賢正はクラスTシャツ、佳苗は少し袖をまくっていて、いかにも“慣れた二人”という距離感。
「でもさ、佳苗」
「なに」
「デート感、なくない?」
「あるでしょ」
佳苗は即答する。
「人混みで迷子にならないように、ちゃんと腕掴んでる」
そう言って、賢正の腕をきゅっと引く。
「ほら」
「……あ、ほんとだ」
賢正は一瞬きょとんとしてから、にやっと笑った。
「佳苗って、こういうとこ可愛いよな」
「はいはい」
軽くあしらいながらも、腕は離さない。
屋台エリアで、賢正が足を止める。
「焼きそばとたこ焼き、どっち行く?」
「半分ずつ」
「即決かよ」
「賢は絶対どっちも食べたい顔してる」
図星だった。
「……よく分かってんな」
「何年一緒だと思ってるの」
二人でベンチに座り、紙皿を並べる。
「瑞姫たち、どこ回ってるかな」
賢正が言うと、佳苗は少しだけ目を細めた。
「多分まだ私たちのクラス」
「あー、バンドだっけ」
「うん」
一瞬の間。
「……瑞姫、幸せそうだった」
「見てたの?」
「ちょっとだけ」
佳苗はそう言ってから、肩をすくめる。
「大丈夫でしょ。
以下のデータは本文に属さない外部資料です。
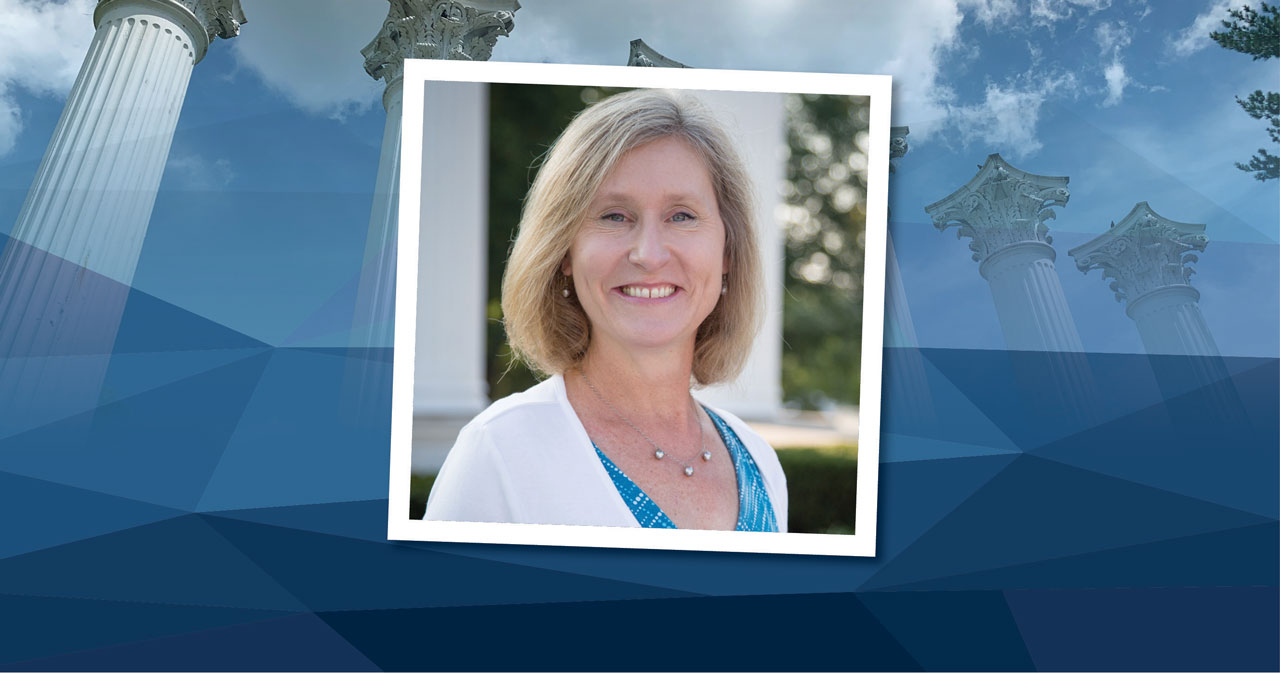 Dr. Mary Majerus is pictured smiling, wearing a white jacket and blue blouse and standing in front of Westminster's Columns. The square photo is placed on top of a blue rectangular background.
あの二人」
「だな」
賢正はたこ焼きを口に放り込みながら言った。
「瑞姫ちゃんも榊も、真面目すぎるくらいだし」
「それな」
同意しつつ、佳苗は焼きそばを一口。
「私たちは?」
「ん?」
「私たちは、どう見えると思う?」
賢正は少し考えてから、笑った。
「安定感ありすぎカップル」
「……褒めてる?」
「もちろん」
そう言って、佳苗の頭にぽん、と手を置く。
「一緒にいんのが当たり前って感じで」
佳苗は一瞬だけ驚いた顔をして、すぐにそっぽを向いた。
「……そういうの、文化祭終わってから言えば」
「今言いたいんだって」
「ばか」
でも、声は柔らかかった。
夕方の放送が流れ始める。
「そろそろ帰る?」
「そうだな」
立ち上がるとき、賢正が自然に手を差し出す。
佳苗は一瞬だけためらってから、握った。
「……来年も一緒に回ろう」
賢正が言う。
「当たり前」
佳苗はそう答えて、少しだけ歩幅を合わせた。
文化祭の喧騒の中。
この二人は、この二人なりに、
ちゃんと“デート”をしていた。